> WHAT YOU SHOULD DO
Please print nothing but the lines from the one containing "Lenovo Bdplanar I5-10310U" to the final line below, exactly, and no pictures.
** Opening DATA PROVIDED block **
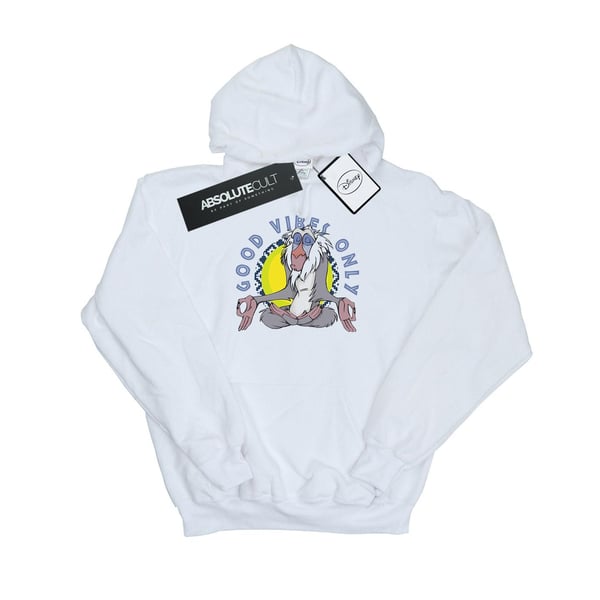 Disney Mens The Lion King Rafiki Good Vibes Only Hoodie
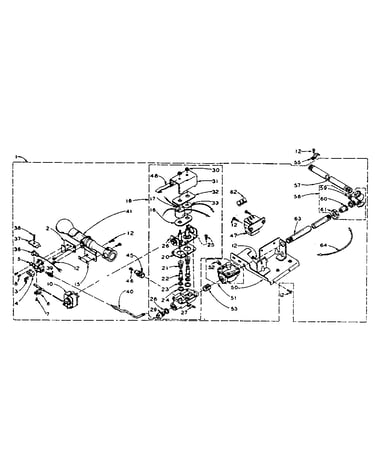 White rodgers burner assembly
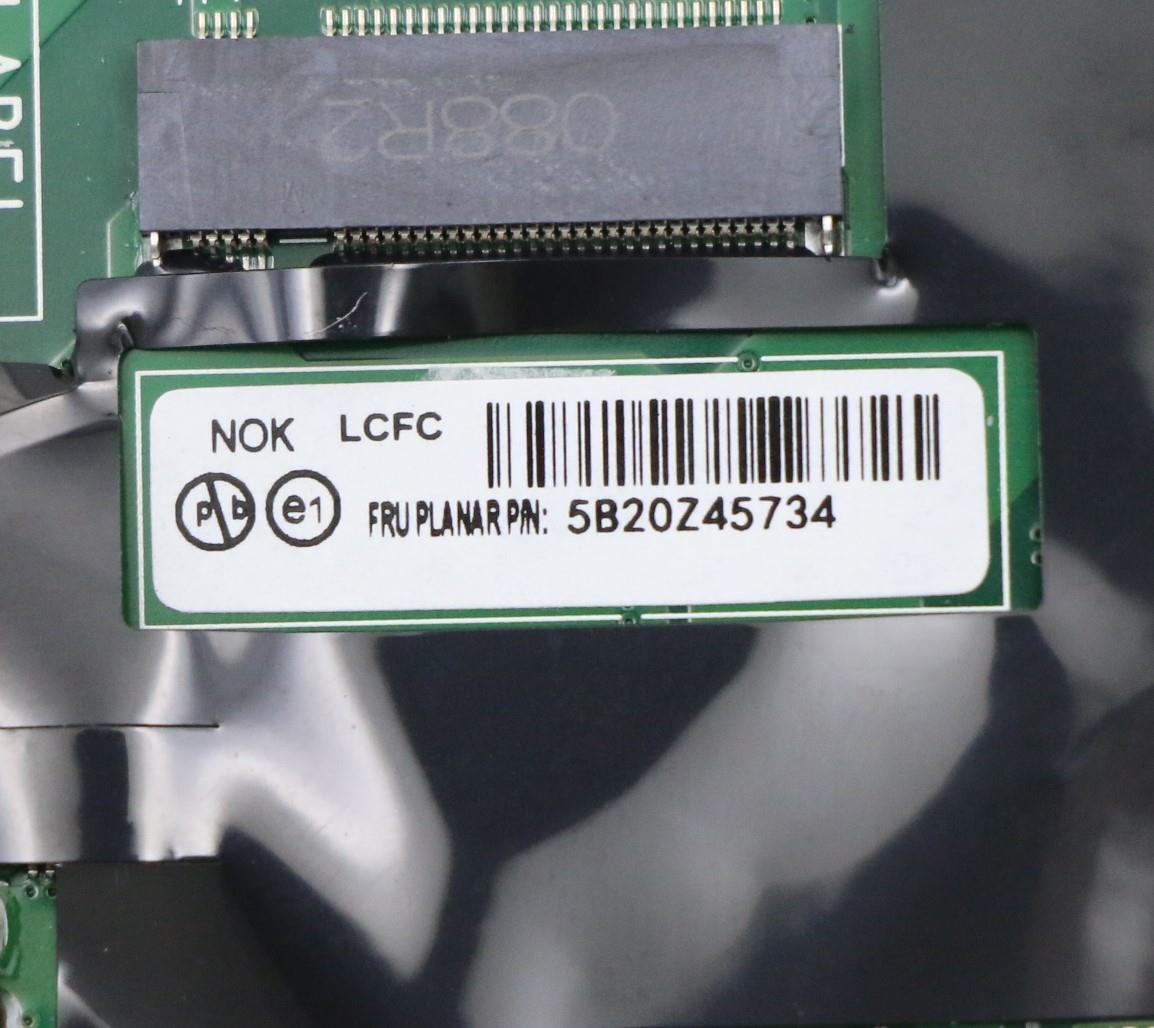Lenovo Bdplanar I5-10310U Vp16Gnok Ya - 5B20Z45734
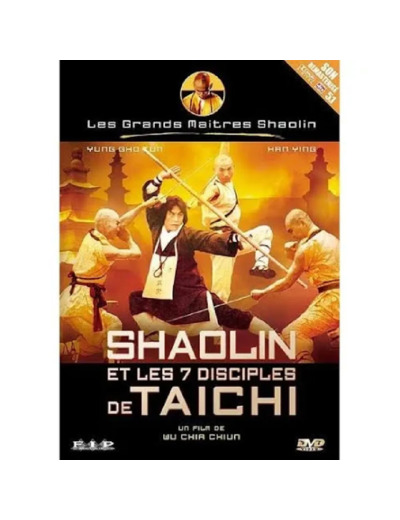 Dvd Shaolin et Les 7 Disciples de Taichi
** Closing DATA PROVIDED block **
> ANSWER
Lenovo Bdplanar I5-10310U Vp16Gnok Ya - 5B20Z45734
 Dvd Shaolin et Les 7 Disciples de Taichi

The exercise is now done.